Abortions were not legal or acceptable in the early '60s, nor was permanent sterilization available for women in our area. We did everything we knew to prevent another pregnancy, but I knew in my heart that if indeed I did get pregnant again, I would not carry the baby to term. The good Lord blessed us by not forcing us to make that decision, but the fact that I might have had to have an abortion has enabled me to be more understanding of others who make the decision to end an unplanned pregnancy.
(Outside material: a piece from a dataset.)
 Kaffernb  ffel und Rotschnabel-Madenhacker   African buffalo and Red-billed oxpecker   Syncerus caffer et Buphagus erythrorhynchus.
My younger son once told me that he would not have been able to forgive us for bringing him into this world, knowing he would suffer like he has. However, since we knew nothing of this condition until he was 5, he could not hold us responsible. He has chosen not to pass this condition on to his children. He has since married a lovely girl with two precious daughters who are now his children and our grandchildren. We are also blessed with two wonderful godchildren.
I join with those who are pro-choice, and agree that only the individual knows how much she can handle, and the decision should be hers to make. -- BLESSED GRANDMA IN KANSAS CITY, MO.
DEAR GRANDMA: Your letter proves once again that there are many circumstances that make it imperative that individuals be allowed to make a choice for themselves. Read on:
DEAR ABBY: I want to join "Pro-Choice Grandma." Where is it written that the only "choice" pregnant women will make is abortion? Choice means just that -- the woman has a right to decide for herself, her body and her pregnancy. She might just as easily choose to have her baby, have it adopted or keep it herself.
The way I see it, I can be pro-choice and pro-life at the same time. I would make a CHOICE to keep my baby. My niece chose adoption when she was pregnant after a date rape. I might have counseled her (had she asked me) to have her baby, but if she had chosen abortion, I believe that would have been her affair.
Each person's pain or joy is her own. There's no reason why another person should claim the right to decide how things should be for another. The right to "choose" for one's self is an individual right. -- GRANNY IN LONG BEACH
DEAR GRANNY: Absolutely. And it is a right that women had to wage a vigorous and protracted battle to win. However, it is also a right that, if taken for granted, will surely be lost -- and no one should forget that fact.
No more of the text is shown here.